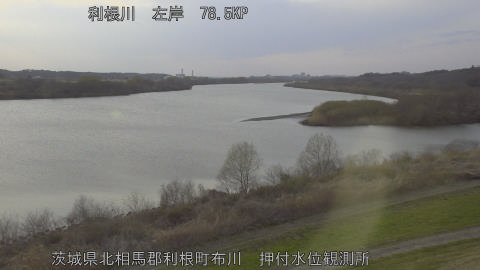 tonos2026030917_image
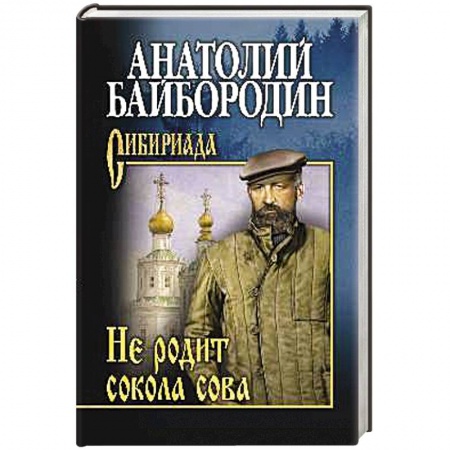 Русская современная проза, книга Не родит сокола сова заказать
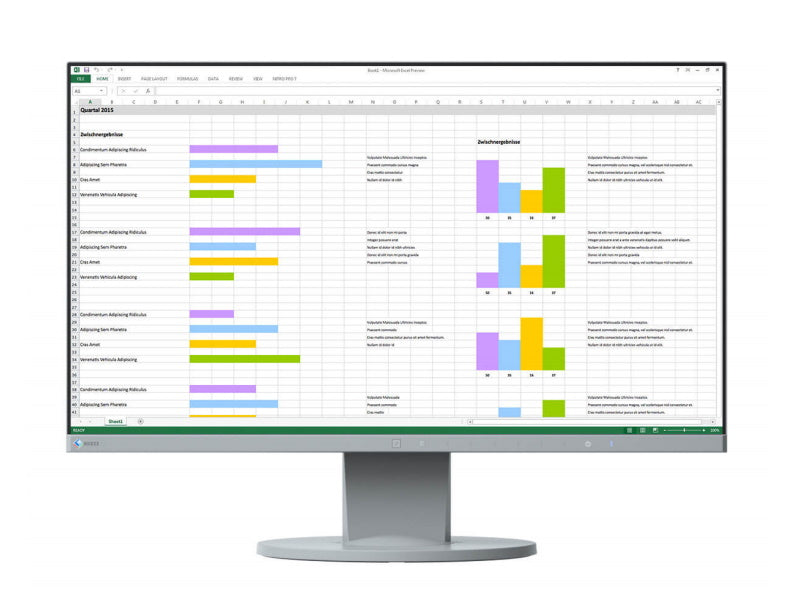 Eizo FlexScan EV2450 marble grey | 24 IPS 1920x1080 Farbe: marble grey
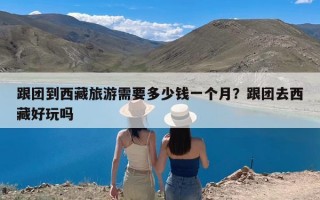 跟团到西藏旅游需要多少钱一个月？跟团去西藏好玩吗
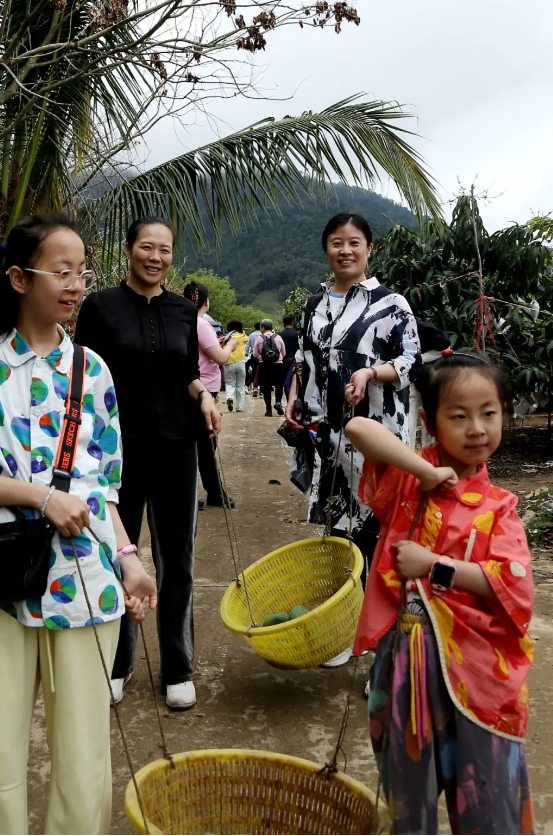 山海聯動！晉瓊康養新生態鏈，“健康家園”在海南！(圖14)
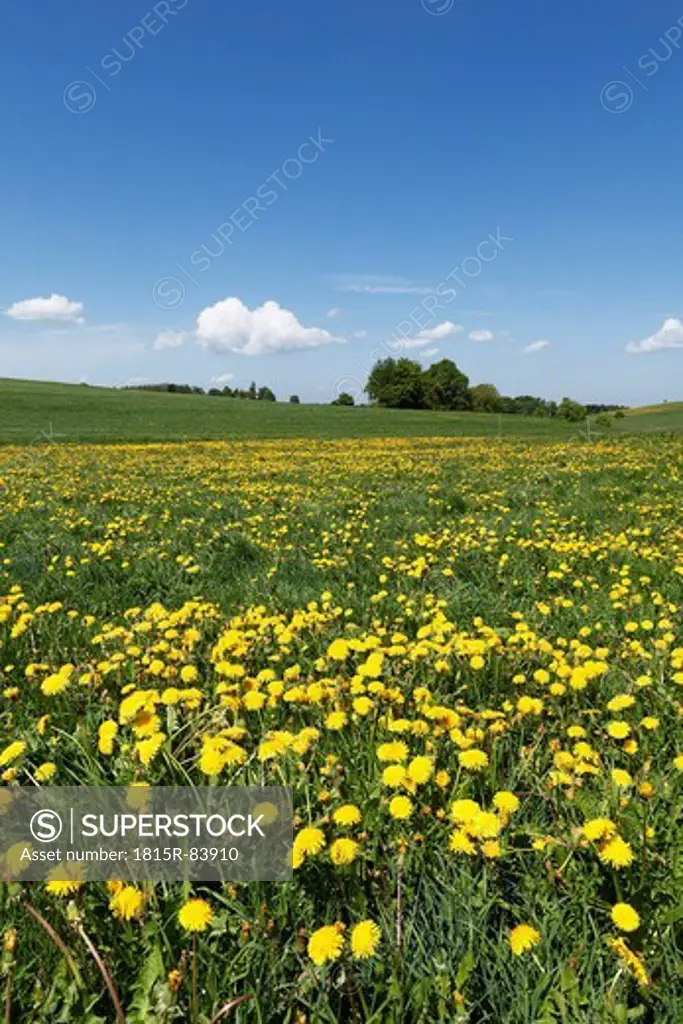 Germany, Bavaria, Upper Bavaria, Muensing, Holzhausen, View of church at distant with meadows of dandelions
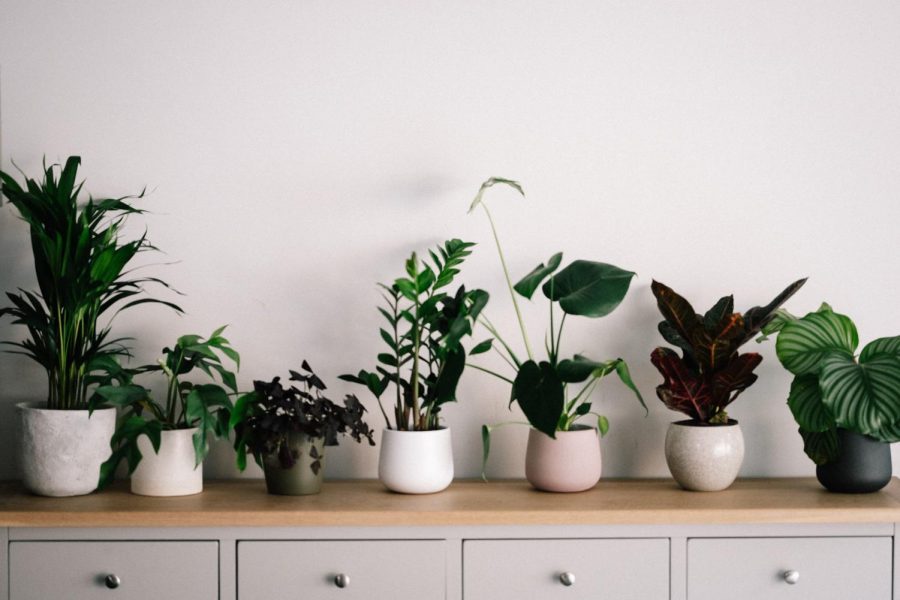 Liven Up Your Home With Easy House Plants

· · ·

▶ [EXERCISE GOAL]
Exclude the images and output the lines above exactly.

▶ [COMPLETED TASK]
 tonos2026030917_image
 Русская современная проза, книга Не родит сокола сова заказать
 Eizo FlexScan EV2450 marble grey | 24 IPS 1920x1080 Farbe: marble grey
 跟团到西藏旅游需要多少钱一个月？跟团去西藏好玩吗
 山海聯動！晉瓊康養新生態鏈，“健康家園”在海南！(圖14)
 Germany, Bavaria, Upper Bavaria, Muensing, Holzhausen, View of church at distant with meadows of dandelions
 Liven Up Your Home With Easy House Plants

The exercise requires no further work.